Журналист Сергей Пархоменко рассказал о том, как строятся отношения с Чечней и Рамзаном Кадыровым, а также с какой целью в Москве расселен так называемый кадыровский ОМОН.

Есть очень странное ощущение от этой истории, хочется спросить: в какой-то момент Кадыров уже имел сложные какие-то контакты и конфликты с Сечиным, это теперь, значит, у него какие-то выяснения отношений с Грефом происходят таким образом? И ощущение произвола, другого порядка произвола, немножко другого стилистически и так далее, но ощущение произвола рифмуется с тем, что мы увидели на процессе…

Современный политический этикет российский требует на этом месте ответить: я же не чеченец, я не знаю, как это у них там устроено.

У нас с языком ужасное что-то происходит, тебе приходится говорить этими словами, что вообще-то...

Можно так, да.

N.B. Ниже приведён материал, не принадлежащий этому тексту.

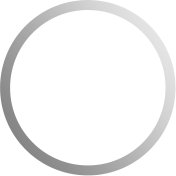 জিয়ানজিন ঝিজুন অ্যাপ্লায়েন্স ইলেকট্রিক কেবল এবং ওয়্যার কোং, লিমিটেড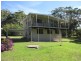 141 Slaughterhouse Road, Ulladulla NSW 2539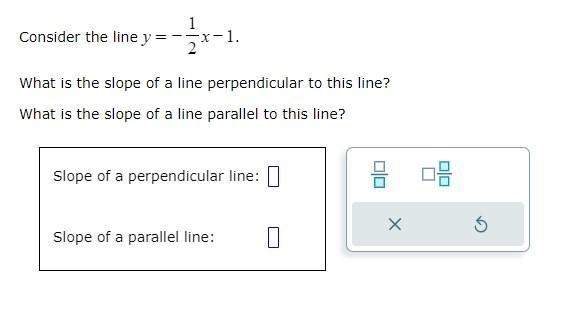 PLEASE HELP WITH THIS MATH QUESTION-example-1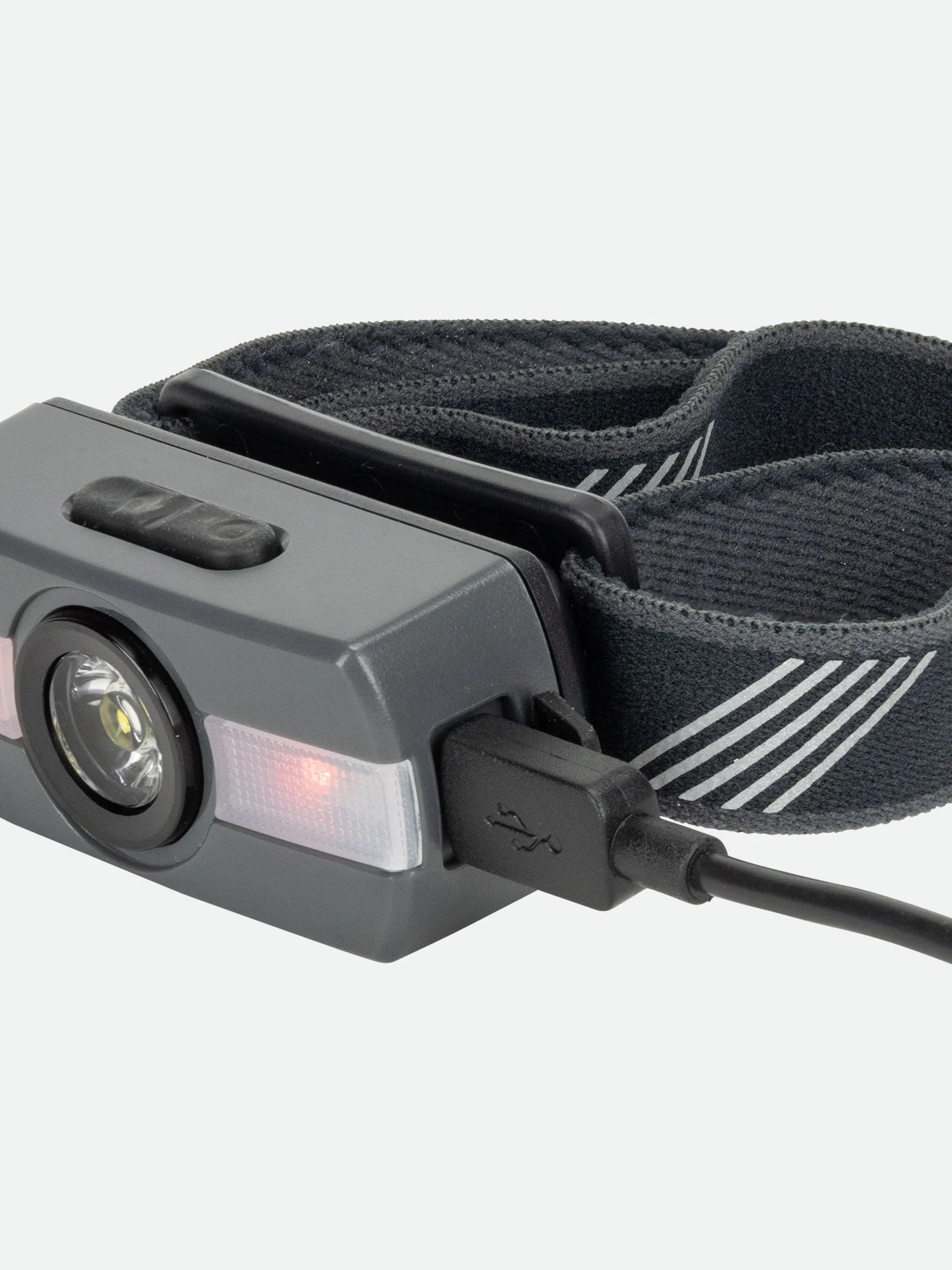 Neutron Fire RX Runner's Headlamp 2.0 - Image 8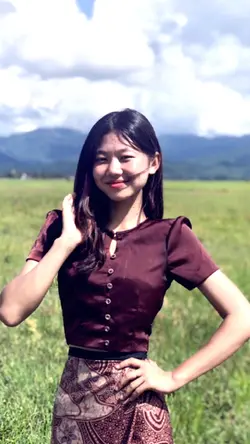 ယူသုံးဗျာ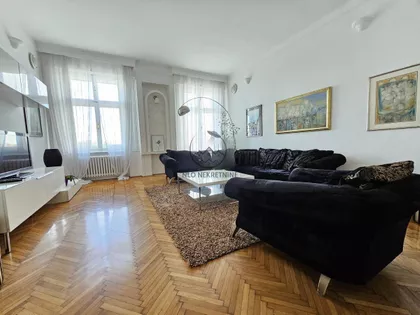 Kej | 4zida.rs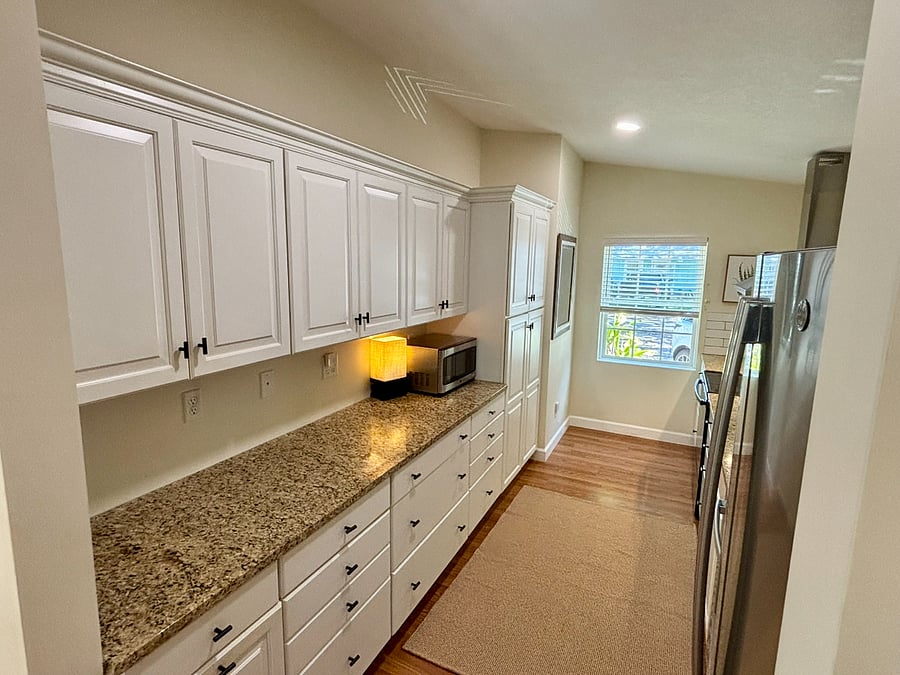 Furnished Finder property 870137_1 photo 16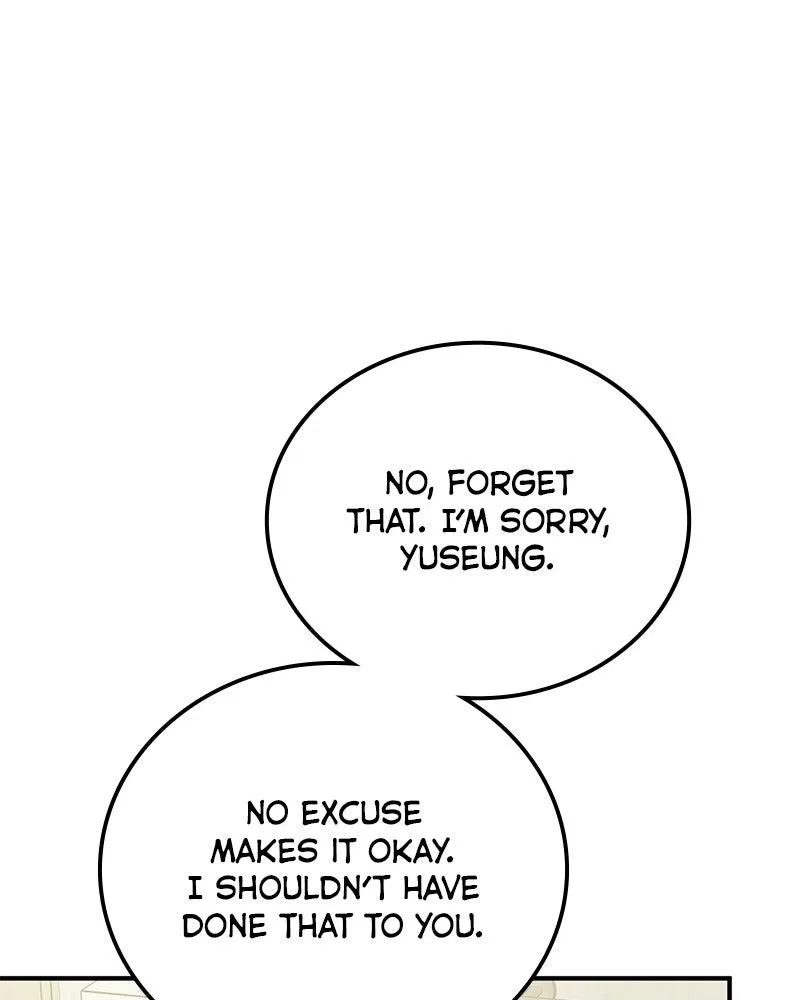 Beastly Things Chapter 56 – Page 59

Но, по всей видимости, как-то неудобно, это было бы слишком просто сказать так. Мы можем сказать следующее. Вы помните, была такая история, собственно, вскоре после убийства Немцова, когда чеченское руководство в какой-то момент сказало, что никакие полиции, Следственные комитеты и прочие прокуратуры и правоохранительные и иные органы не будут к нам въезжать и что-то такое у нас делать без нашего разрешения, потому что мы разрешаем в них стрелять. Были ли это взаимоотношения, грубо говоря, между Кадыровым и Колокольцевым, или между Кадыровым и Бастрыкиным, или между Кадыровым и Чайкой? Нет, это были взаимоотношения между Грозным и Кремлем в целом, между Грозным и Москвой — даже так я бы сказал.

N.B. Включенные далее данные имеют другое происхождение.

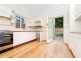 1/34 North Street, Balmain NSW 2041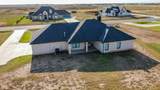 10040 Copper Creek Drive - Photo 31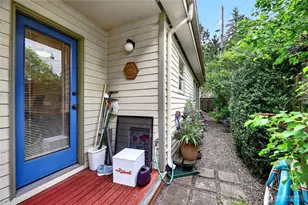 2434 55th Ave SW, Seattle, WA 98116 - Photo 23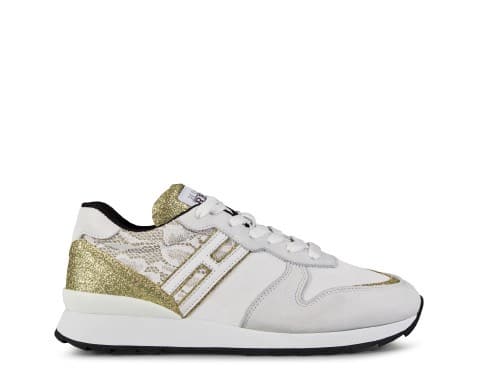 hogan R261 donna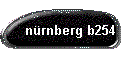 nürnberg b254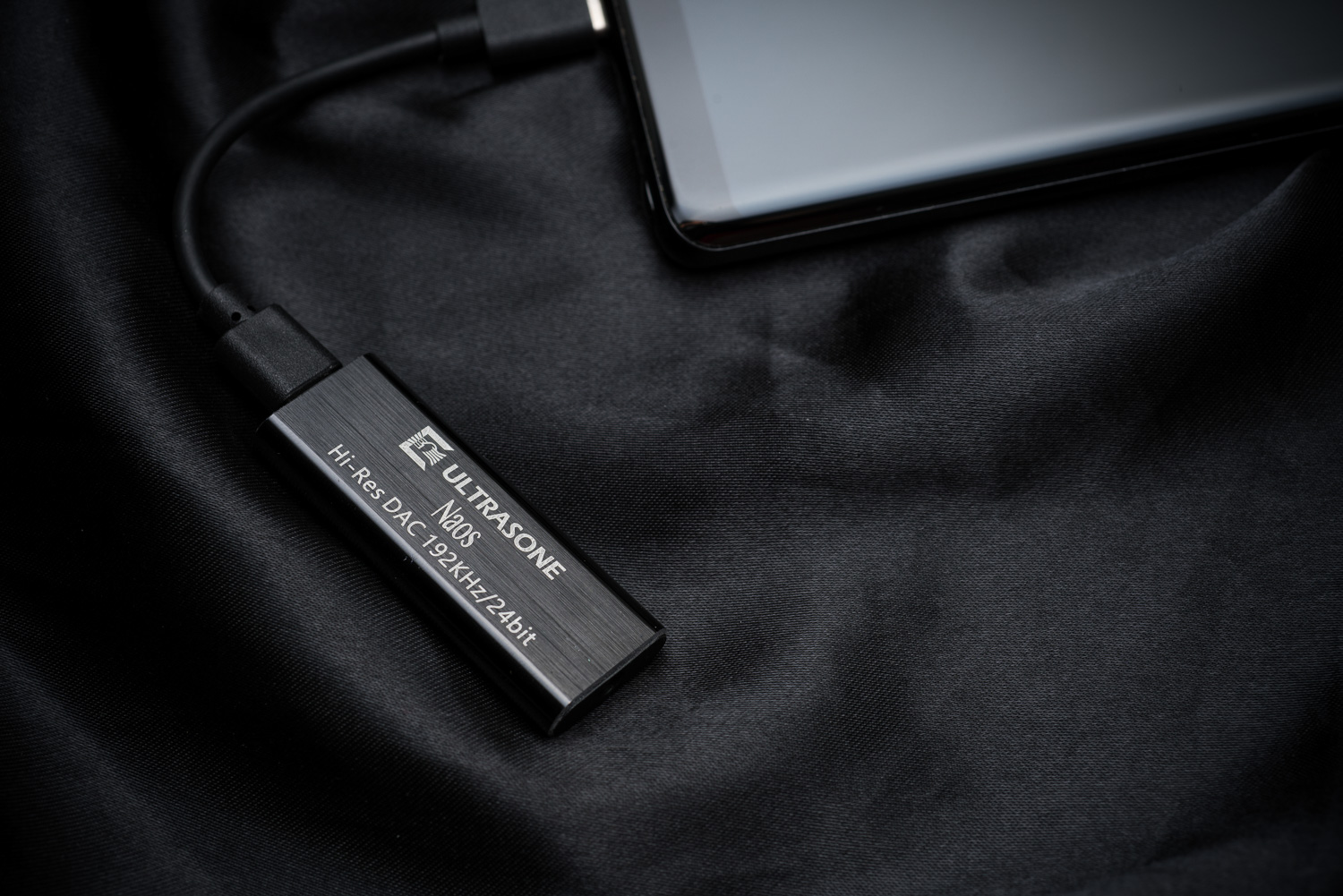 极致naos声音如何,极致naos价格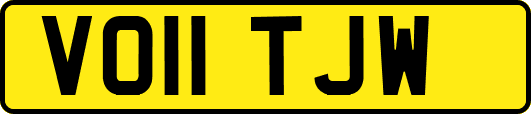 VO11TJW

Ровно в той же мере мы и сейчас, наверное, не должны говорить, что кого-то интересует Греф в отдельности, что здесь какие-то отдельные взаимоотношения с Грефом или что-нибудь вроде этого. Есть взаимоотношения с Россией в целом. Во всех смыслах и во всех отношениях, начиная с футбола, как мы помним, и кончая рублями, казалось бы, что может быть в стране важнее рублей, Чечня существует отдельно. Это отдельная территория, у нее есть отдельное руководство, там действуют отдельные законы, отдельные порядки, и важная часть существования этого политического субъекта заключается в том, чтобы на всех уровнях каждую минуту и по любому поводу подтверждать этот свой, не побоюсь этого слова, суверенитет. В данном случае тоже.

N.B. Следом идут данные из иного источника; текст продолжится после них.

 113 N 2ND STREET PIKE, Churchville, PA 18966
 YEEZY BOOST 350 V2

То, что происходит с этим начальником чеченского Сбербанка, зависит только исключительно от того, что происходит внутри Чечни. По всей видимости, это, кстати, никакая не чеченская специальность, это довольно распространенное явление на юге России в целом ряде регионов, ровно так же это было в Советском союзе, когда еще к Советскому союзу имели отношение всякие среднеазиатские республики или ныне независимые кавказские страны. Это платная должность, случайный человек на ней не оказывается, человек получает эту работу, потому что он ее купил или потому что есть какие-то другие важные обстоятельства, на которые ее обменяли, эту должность, возможно, что его посадила какая-то группа в обмен на что-то, потому что ей важно было этого человека посадить. И по каким-то их внутренним процедурам и обстоятельствам там, собственно, и происходит эта работа. Кто-то кому-то что-то за это постоянно должен, кто-то с кем-то расплачивается, кто-то кому-то назначает постоянный ясак, кто-то это уважает, кто-то это нарушает, кого-то за это наказывают и так далее. К этому не имеет никакого отношения никакой Греф. Если Греф, например, завтра скажет: «А я хочу этого человека вернуть обратно, чтобы он был все равно». И что? Это будет иметь какое-то значение? Никакого.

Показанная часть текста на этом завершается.